Edit: BTW, thanks very much for the links - very helpful!


----------



## Dmaaaaax (Nov 20, 2008)

"All Glass Aquarium" sells a sump kit that has the intake and outtake pipes. You just need to silicone them in place....hopefully your sump holes are together and in a corner though.
All-Glass Mega Flow Overflow Accessory Kit at Big Al's Online

The intake is basically a skimmer near the top of your tank. If the power goes out it will continue to suck out the water until you get below the skimmer line.

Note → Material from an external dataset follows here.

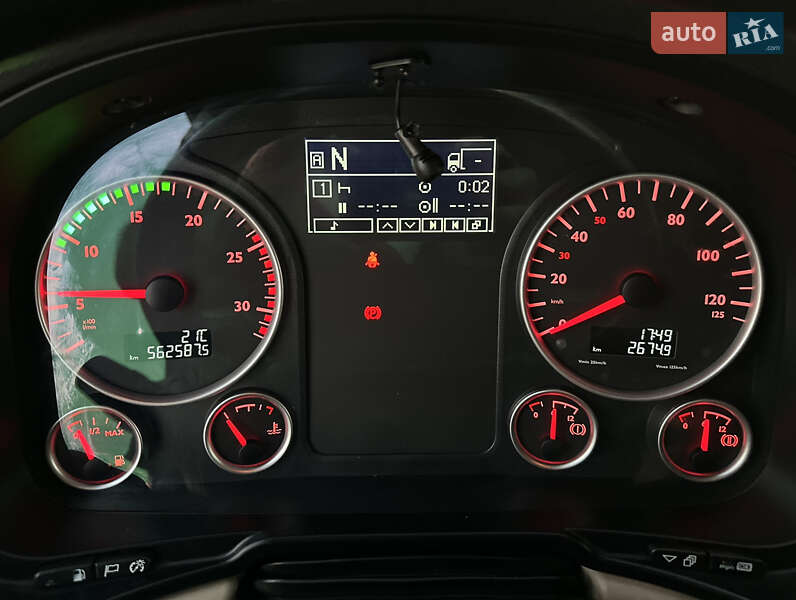 Тягач MAN TGX 2017 в Харкові фото 60 Тягач MAN TGX 2017 в Харкові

That is why it necessary to know where to mark your "full" line in your sump so that it still has room for more water in case of a power failure.

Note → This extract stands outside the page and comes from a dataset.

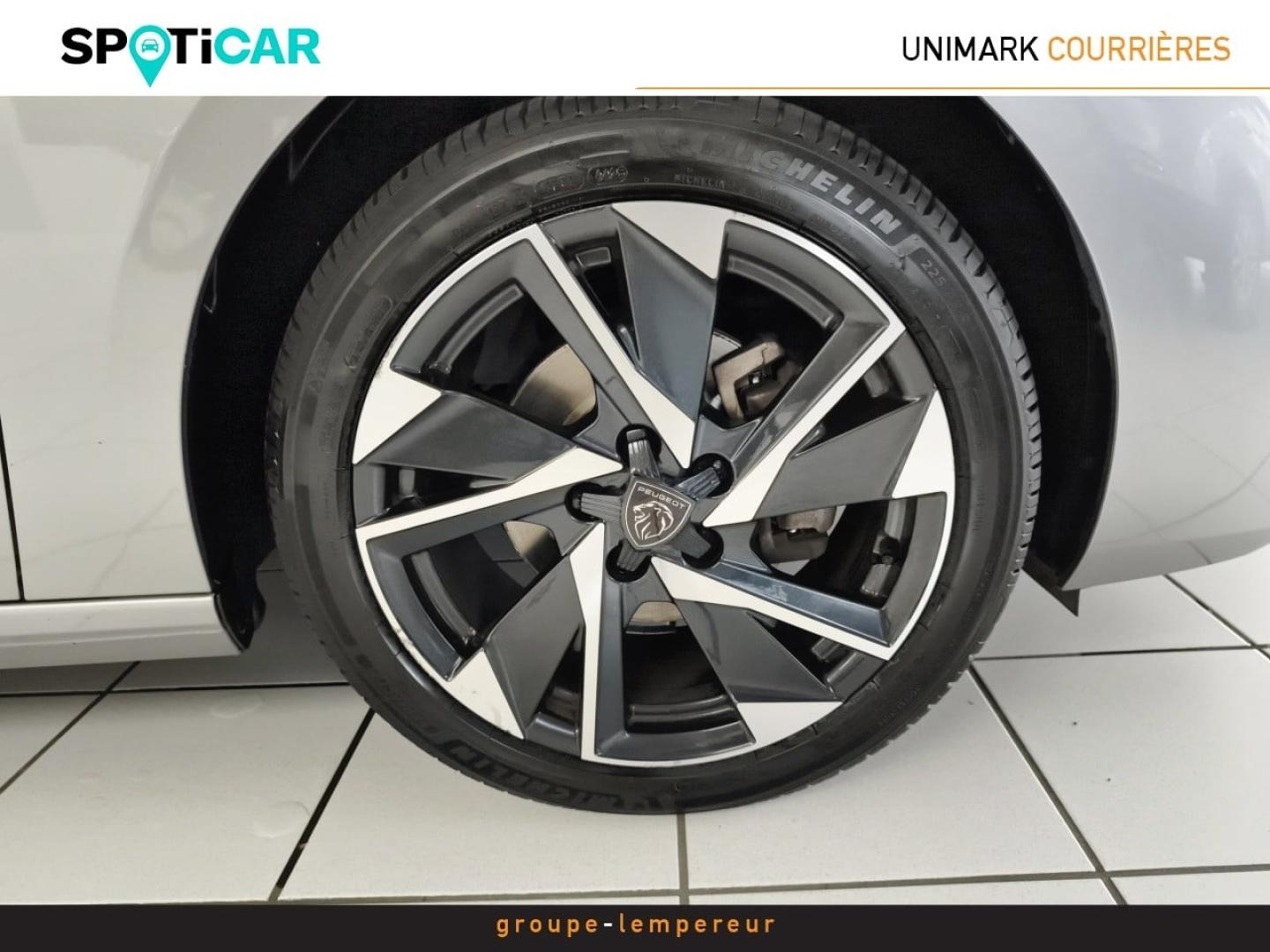 Image PEUGEOT 308 1.2 PureTech 130ch S&S Allure Pack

However if I were to have live plants and injected CO2, I would use a sealed sump setup using a filter like this:
http://www.bigalsonline.com/BigAlsUS/ctl3684/cp17290/si3478855/cl0/hagenfluvalfx5canisterfilter


----------



## Stellaluna (Jan 20, 2009)

I really apologize but I don't know what you mean by a "sealed sump setup." Do you mean just run a canister filter or two on the tank like I do now?


----------



## Dmaaaaax (Nov 20, 2008)

Yes, except that you hook it up to the drilled holes in your tank with PVC instead of using the hang over tubings that they come with. This "sealed sump" keeps your CO2 levels from dropping unlike a typical trickle-down sump setup.


----------



## djrichie (May 15, 2008)

Will to answer the question about what stops it from over flowing the Wet/dry... I can only speak for the tanks I've see and the one I have...... I have a sealled box around mine drainage pipe that would only let 1 to 2 inchies of water to continue to flow out if the power went out. As it stnad now the pumps the water into the tank and only the water that fill up higher than the the box falls back to the filter. if the filter is turn off the water will flow until it below than the box and then stop.


----------



## Stellaluna (Jan 20, 2009)

OK - thanks so much. I might go with the large canister filter closed sump system for now, and then I can switch to a wet/dry if I decide to go with large, dirty fish and no plants. 

I really appreciate the help!


----------